Technical Specifications

The following document outlines the software versions and overhead NGINX Service Mesh uses while running.

Software Versions

NGINX Service Mesh requires Kubernetes version 1.16 or newer.

The following table lists the software versions NGINX Service Mesh uses by default.

NGINX Service Mesh Version NGINX Plus (sidecar) Spire Version NATS Prometheus Grafana * Jaeger (Default) * Zipkin *
v1.0 R23 0.12.1 nats:2.1.8-alpine3.11 prom/prometheus:v2.20.1 grafana/grafana:7.5.3 jaegertracing/all-in-one:1.19.2 openzipkin/zipkin:2.21

* - Software not required by NGINX Service Mesh. See Monitoring and Tracing for details on disabling.

We run a series of automated tests frequently to ensure the stability and reliability of our mesh.
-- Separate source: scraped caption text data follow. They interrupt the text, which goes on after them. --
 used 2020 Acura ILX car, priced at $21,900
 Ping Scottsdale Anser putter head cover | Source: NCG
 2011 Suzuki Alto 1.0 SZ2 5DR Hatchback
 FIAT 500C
For small to medium deployments (less than 100 pods), we recommend a minimum cluster environment similar to the ones we use in our tests:

Environment Machine Type Number of Nodes
GKE n2-standard-4 (4 vCPU, 16GB) 3
AKS Standard_D4s_v3 (4 vCPU, 16GiB) 3
EKS t3.xlarge (4 vCPU, 16GiB) 3
AWS t3.xlarge (4 vCPU, 16GiB) 1 Control, 3 Workers

Overhead

The overhead of NGINX Service Mesh varies depending on the component in the mesh and the kinds of resources currently deployed. Because the control plane is responsible for holding the state of all managed resources, it will scale linearly with the number of resources being handled - whether those are pods, services, traffic splits, or any other resource under the lens of NGINX Service Mesh. Spire specifically watches for new workloads, which reside 1:1 in every pod deployed, thus will scale as more pods are added to the mesh.
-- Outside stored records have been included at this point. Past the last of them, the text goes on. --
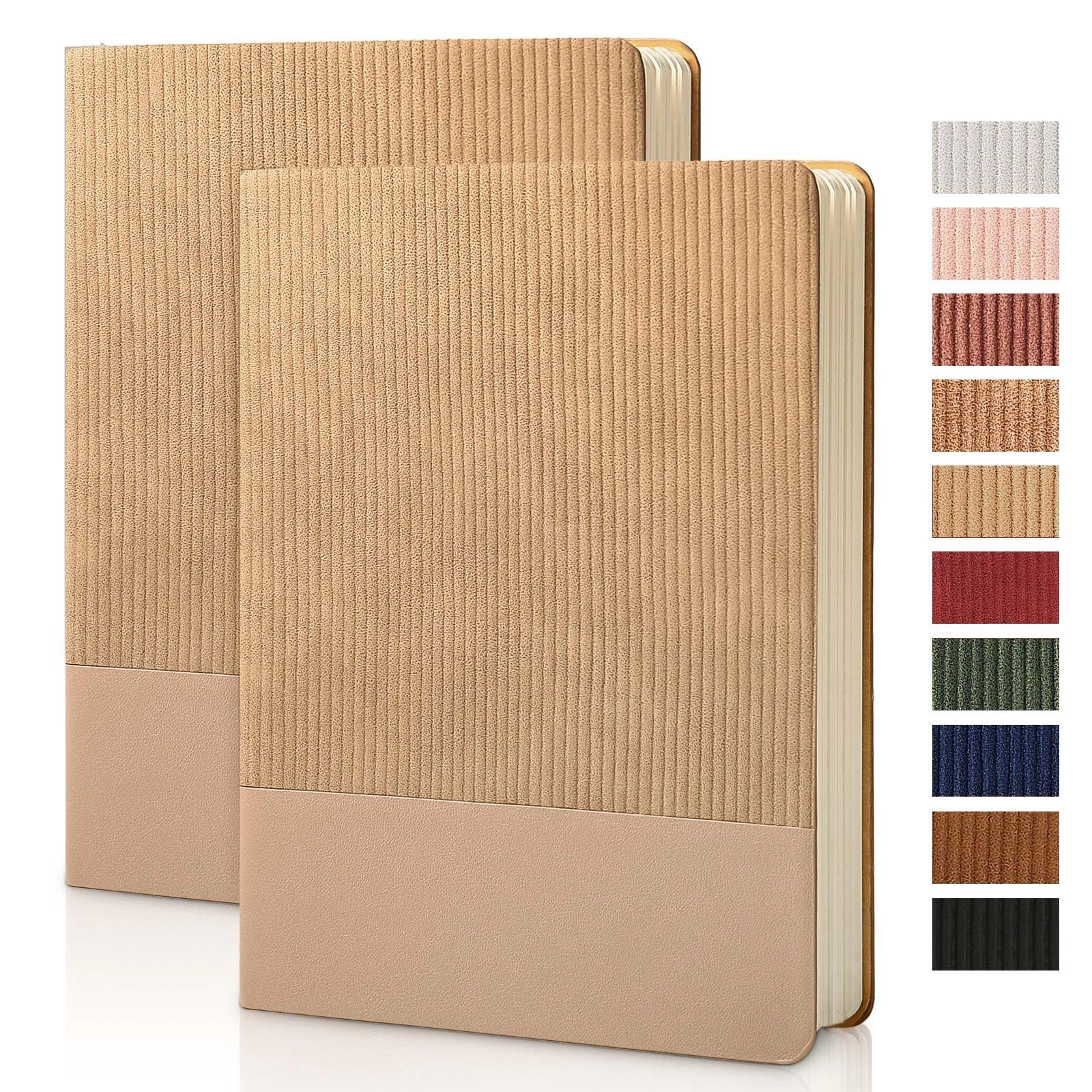 Lined Journal Notebook A5 Softcover - Lined 108 Sheets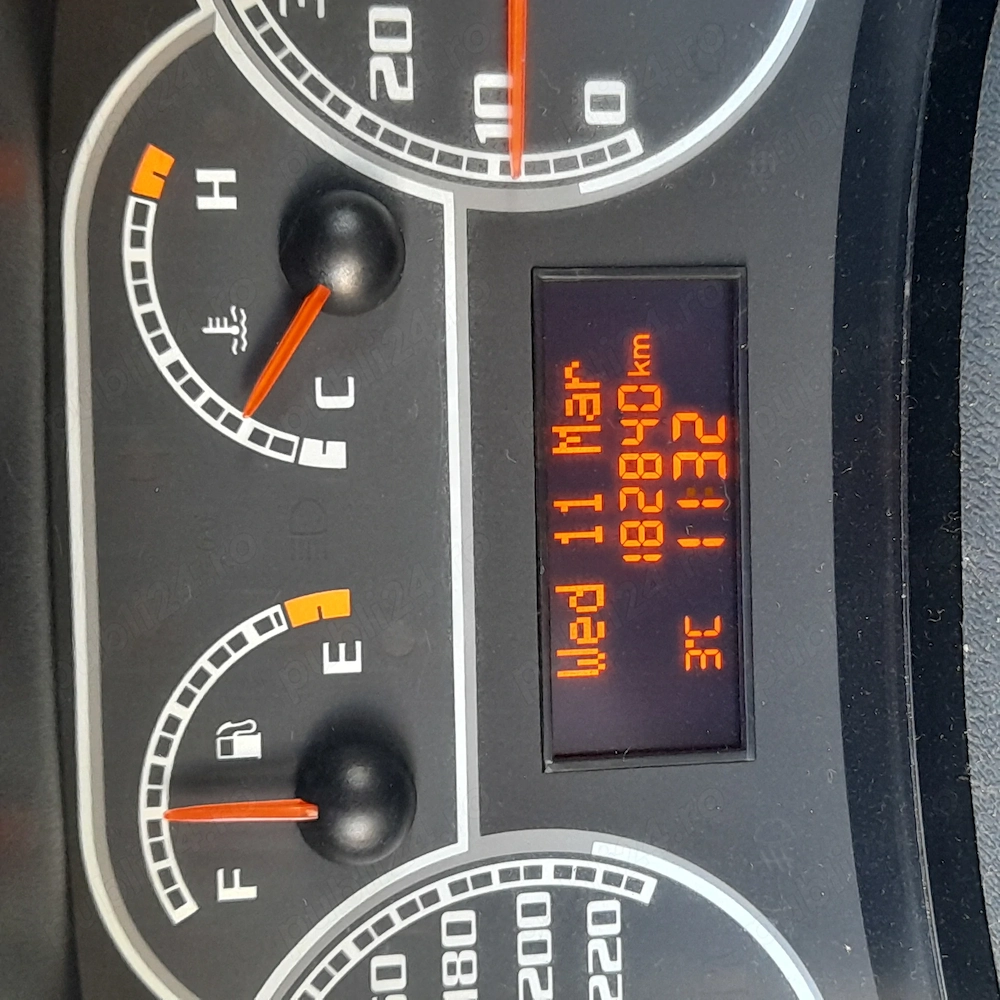 De vanzare Fiat ALBEA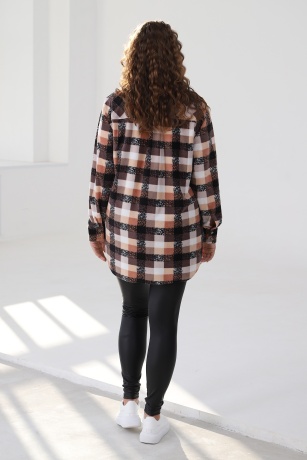 Рубашка женская Александра-1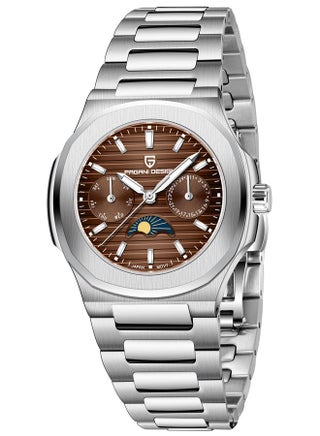 Luxury Ladies/Women's Quartz Watches, Multi-Function Chronograph, Luminous, Waterproof, Stainless Steel Strap, Imported Machinery, PD1786 - pzsku/ZB4263A8FDB01A6D26292Z/45/1744102177/659d04da-19c3-4850-976f-1056b8b5fe69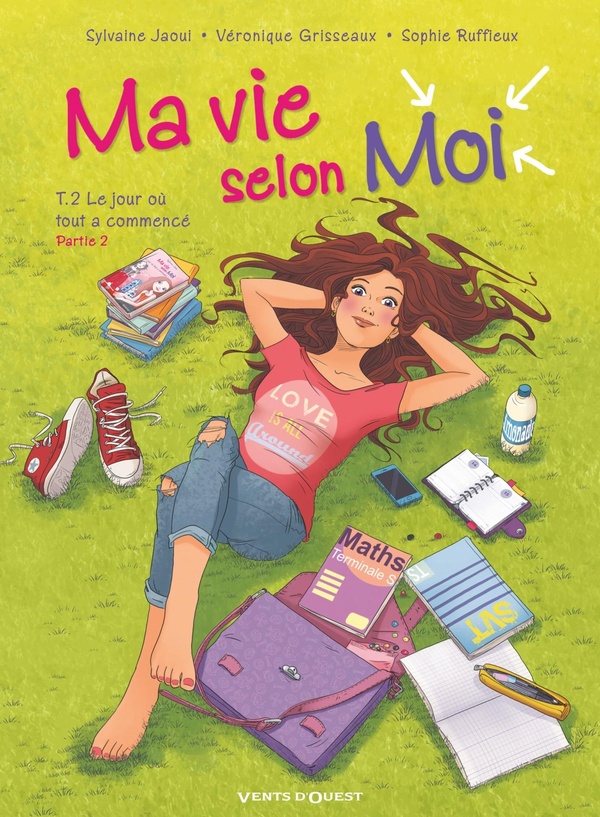 Ma vie selon moi tome 2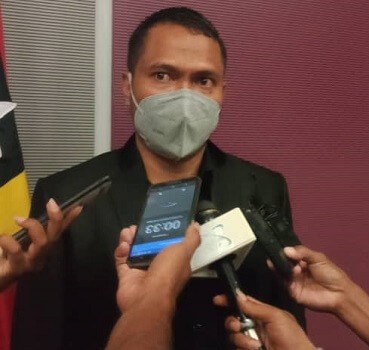 SEJD-GTTRJ Hahú Reuniaun Dahuluk Ba Aselera Lei Arte Marsiais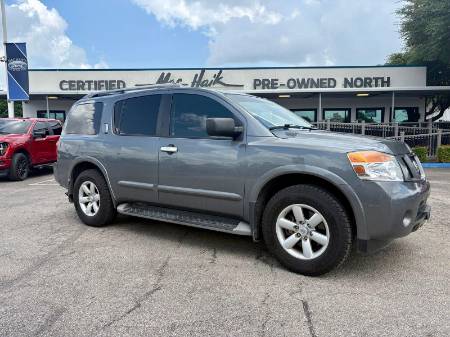 2015 Nissan Armada SV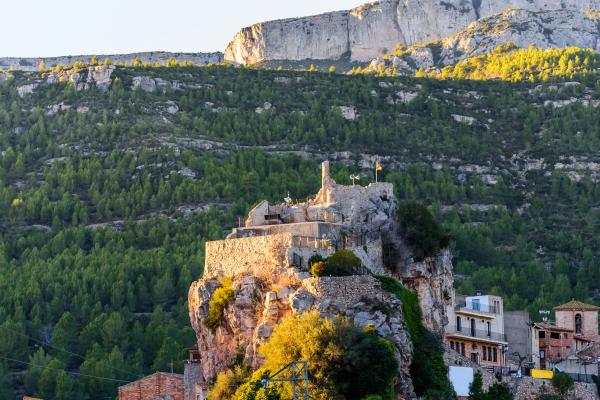 Un poble ple de llegendes endimoniades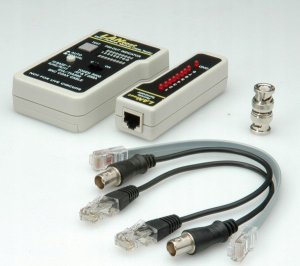 Hobbes HOBBES LANtest Multinetwork Kabeltester 5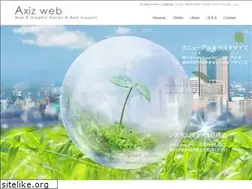 Sites similar to axiz.gr.jp
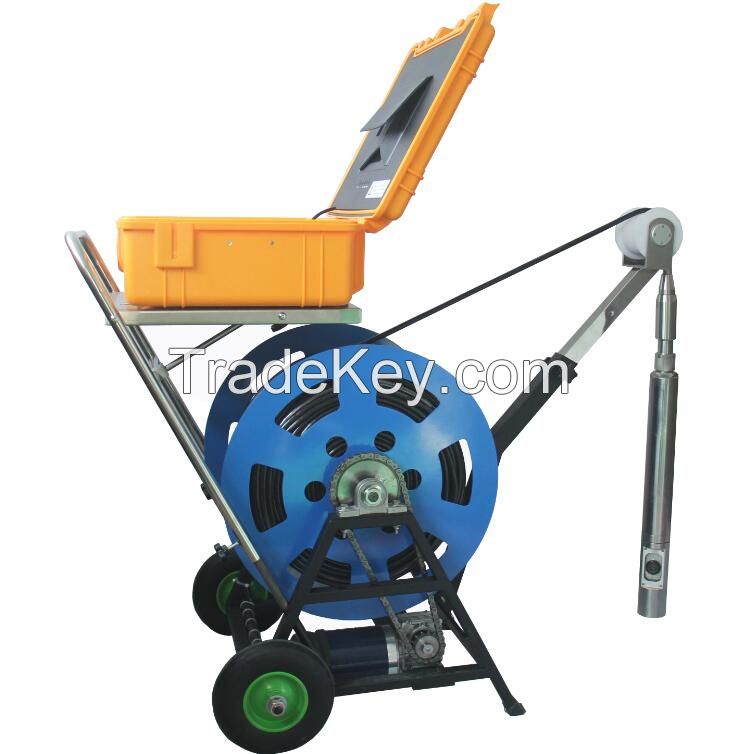 Underwater Borehole Inspection camera water well camera deep well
The data plane sidecar must keep track of the other services in the mesh as well as any traffic policies that are associated with it. Therefore, the resource load will increase as a function of the number of services and traffic policies in the mesh. In an attempt to balance the stress on the cluster, we run a nightly test which flexes the most critical components of the mesh. Below are the details of this test, so you may get an idea of the overhead each component is responsible for and size your own cluster accordingly.

Stress Test Overhead

Cluster Information:

  • Environment: GKE
  • Node Type: n2-standard-4 (4 vCPU, 16GB)
  • Number of nodes: 3
  • Kubernetes Version: 1.18.16

Metrics were gathered using the Kubernetes Metrics API. CPU is calculated in terms of the number of cpu units, where one cpu is equivalent to 1 vCPU/Core. For more information on the metrics API and how the data is recorded, see The Metrics API documentation.

CPU

Num Services Control Plane (without metrics and tracing) Control Plane Total Average Sidecar
10 (20 pods) CPU: 0.075 vCPU CPU: 0.095 vCPU CPU: 0.033 vCPU
50 (100 pods) CPU: 0.097 vCPU CPU: 0.431 vCPU CPU: 0.075 vCPU
100 (200 pods) CPU: 0.148 vCPU CPU: 0.233 vCPU CPU: 0.050 vCPU

Memory

Num Services Control Plane (without metrics and tracing) Control Plane Total Average Sidecar
10 (20 pods) Memory: 168.766 MiB Memory: 767.500 MiB Memory: 33.380 MiB
50 (100 pods) Memory: 215.289 MiB Memory: 2347.258 MiB Memory: 38.542 MiB
100 (200 pods) Memory: 272.305 MiB Memory: 4973.992 MiB Memory: 52.946 MiB

Disk Usage

Spire uses a persistent volume to make restarts more seamless. NGINX Service Mesh automatically allocates a 1 Gibibyte persistent volume in supported environments (see our Persistent Storage setup page for environment requirements). Below is the information on the disk usage within that volume. Note the the number of pods are used in this metric because disk usage scales directly with the number of pods in the mesh.

Num Pods Disk Usage
20 4.2 MB
100 4.3 MB
200 4.6 MB